→ **DIRECTIONS**
What you return must match, exactly, the lines running from the one containing "Lanlan Building Blocks" to the end of the data, both included, and must contain no pictures.

→ **SOURCE DATA**
*-*-*
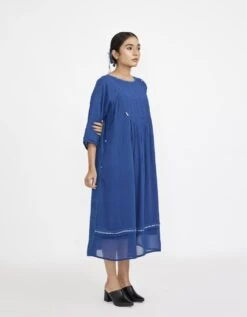 Midi U-Yoke Dress In Blue Colour -Charmers Shop jgd02bl3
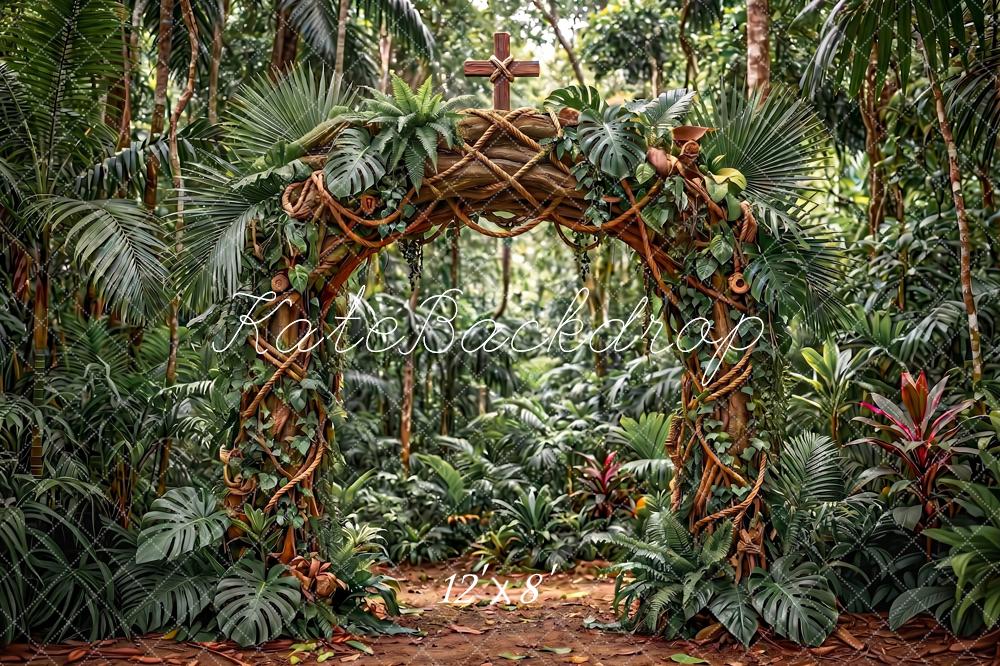 Kate VBS Jungle Arch Cross Green Tropical Printed Backdrop Designed by Angela Miller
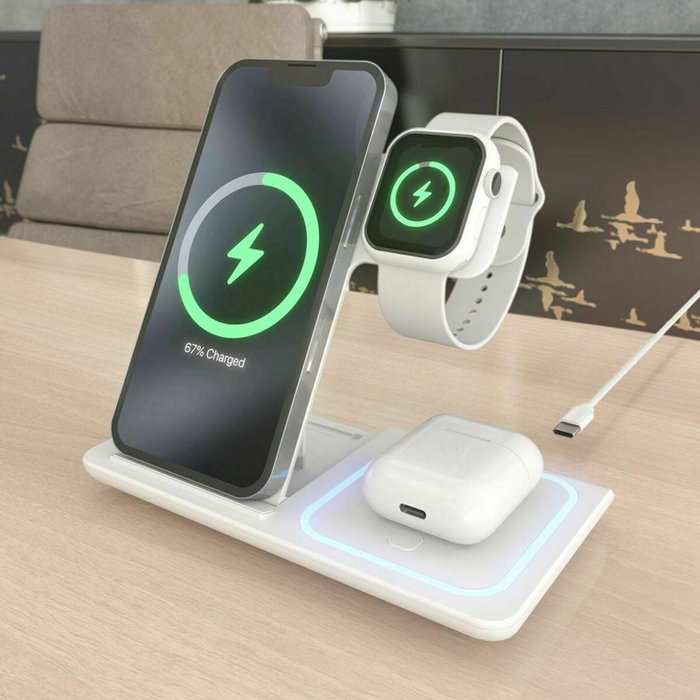 Chargeur sans fil Aisens ASCH-15W3WC044-W 3-en-1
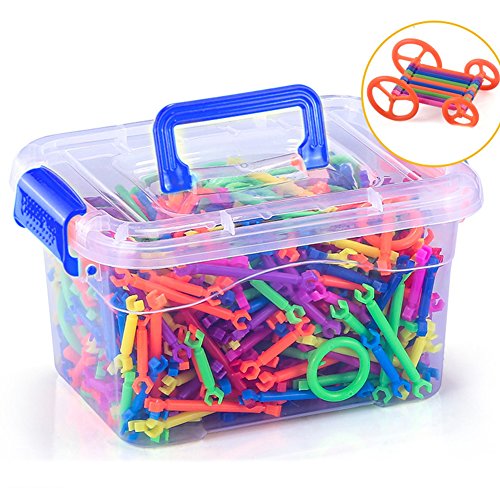 Lanlan Building Blocks Assembled Toys Smart Stick Plastic for Children Creative Learning Education Color Shape Random 500 Pcs/box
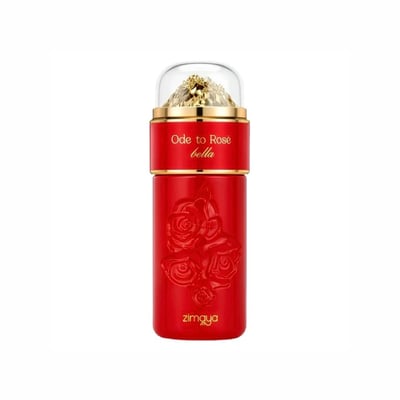 Zimaya Ode to Rose Bella Eau De Parfum — A red perfume bottle with embossed roses and a gold-accented clear cap sits next to its matching red patterned gift box with embossed gold roses. | Zimaya Ode to Rose Bella Eau De Parfum — Botol minyak wangi merah dengan bunga ros timbul dan penutup jernih beraksen emas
*-*-*
→ **RESULT**
 Lanlan Building Blocks Assembled Toys Smart Stick Plastic for Children Creative Learning Education Color Shape Random 500 Pcs/box
 Zimaya Ode to Rose Bella Eau De Parfum — A red perfume bottle with embossed roses and a gold-accented clear cap sits next to its matching red patterned gift box with embossed gold roses. | Zimaya Ode to Rose Bella Eau De Parfum — Botol minyak wangi merah dengan bunga ros timbul dan penutup jernih beraksen emas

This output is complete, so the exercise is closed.